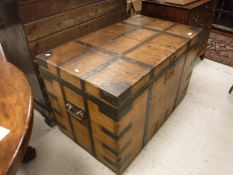 A 19th Century iron bound stained pine silver chest,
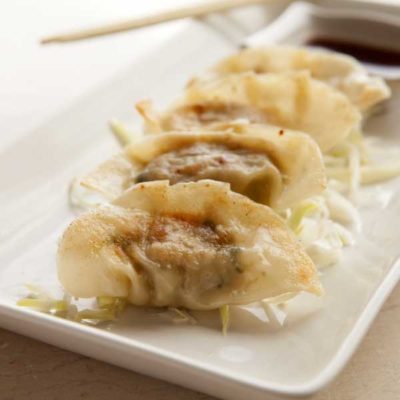 A plate of potstickers; wonton-wrapped chicken dumplings, served with a hearty asian dipping sauce.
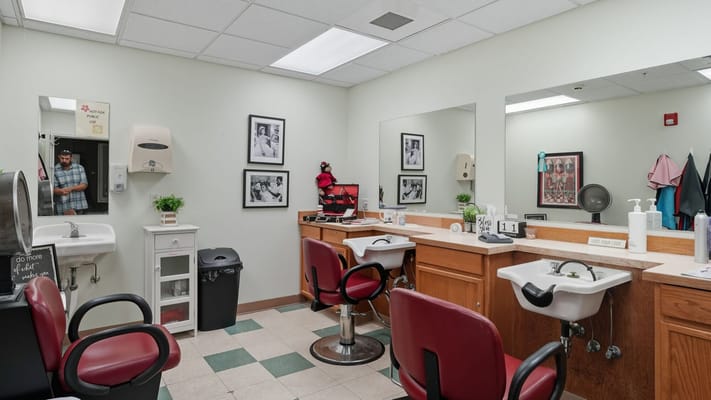 Bright hair salon area with chairs and mirrors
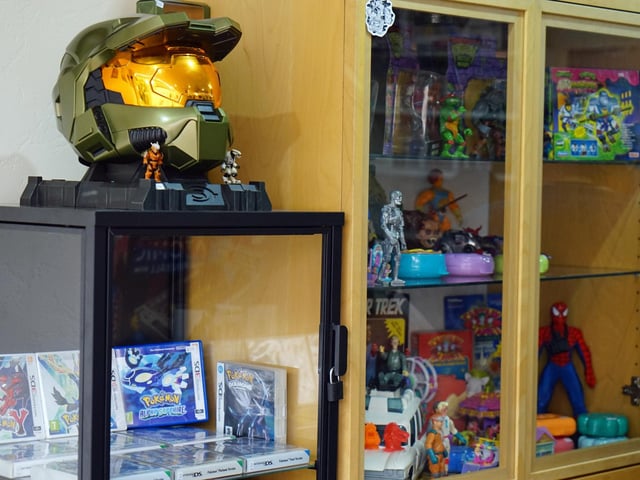 The shop features a cabinet filled with retro toys, showcasing numerous pop culture figurines.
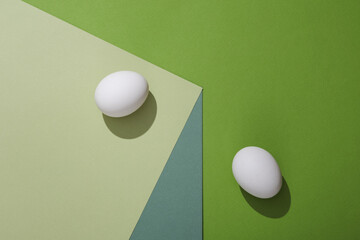 Eggs on a paper cube. Optical illusion. Geometric composition. Minimalistic creative layout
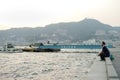 Nagasaki, Japan:August 31, 2016 - Portrait Asian man sitting on the seaside and looking out the ocean in the windy day. A man Royalty Free Stock Photo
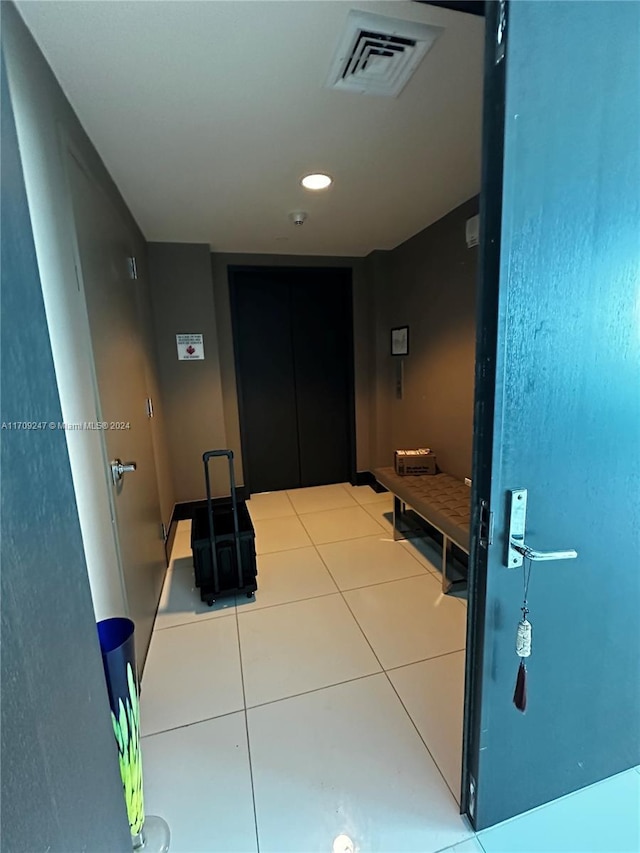 corridor with tile patterned flooring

====================

=== Problem to solve ===
The whole listing should be reproduced exactly. Images don't go in.

=== Expected output ===
 A 19th Century iron bound stained pine silver chest,
 A plate of potstickers; wonton-wrapped chicken dumplings, served with a hearty asian dipping sauce.
 Bright hair salon area with chairs and mirrors
 The shop features a cabinet filled with retro toys, showcasing numerous pop culture figurines.
 Eggs on a paper cube. Optical illusion. Geometric composition. Minimalistic creative layout
 Nagasaki, Japan:August 31, 2016 - Portrait Asian man sitting on the seaside and looking out the ocean in the windy day. A man Royalty Free Stock Photo
 corridor with tile patterned flooring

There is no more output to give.